# DATASET CONTENT
──────────
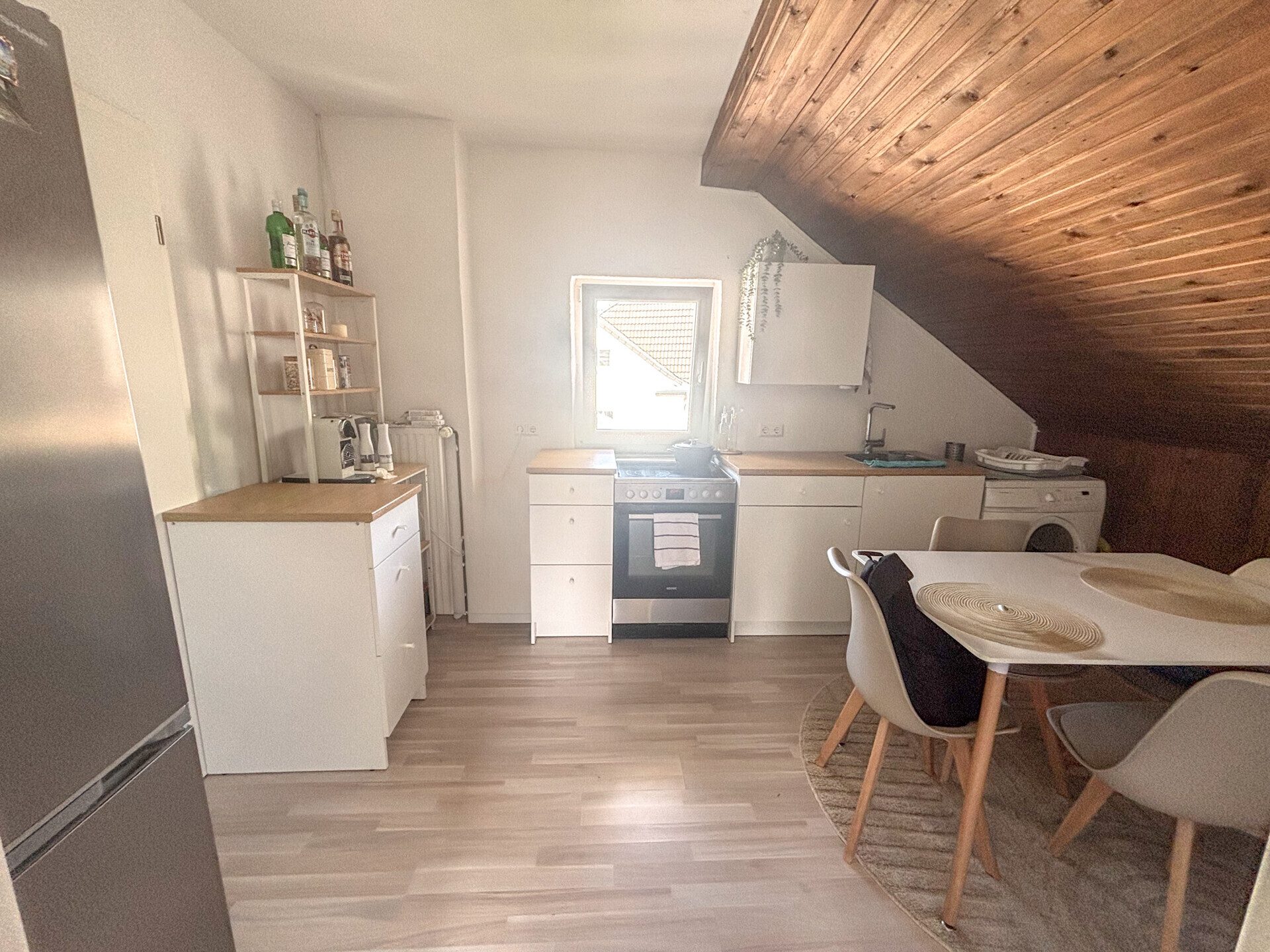 Immobilienangebot - Bad Honnef - Alle - Kapitalanlage in Bad Honnef: Mehrfamilienhaus mit vier Wohneinheiten und laufenden Mieteinnahmen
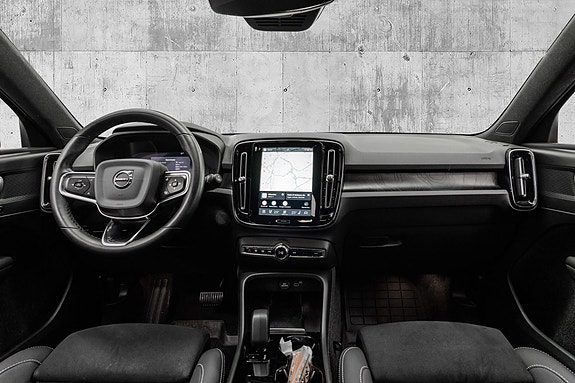 Volvo XC40 21 of 29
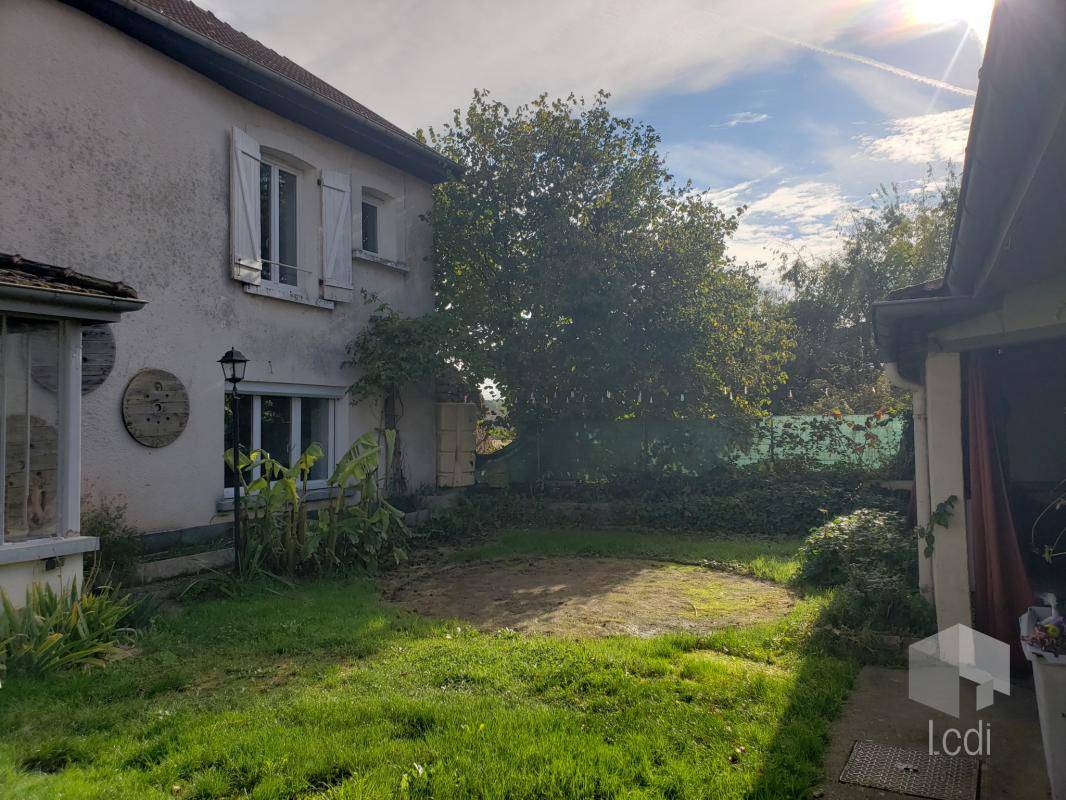 Image de l'annonce PORT-SUR-SAÔNE, maison de village 5 pièces de…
──────────
# WHAT TO PRODUCE
Beginning with the line that includes "Volvo XC40 21 of 29" and ending with the last line of the material, reproduce those lines exactly and nothing else, with no pictures.

# TASK ANSWER
 Volvo XC40 21 of 29
 Image de l'annonce PORT-SUR-SAÔNE, maison de village 5 pièces de…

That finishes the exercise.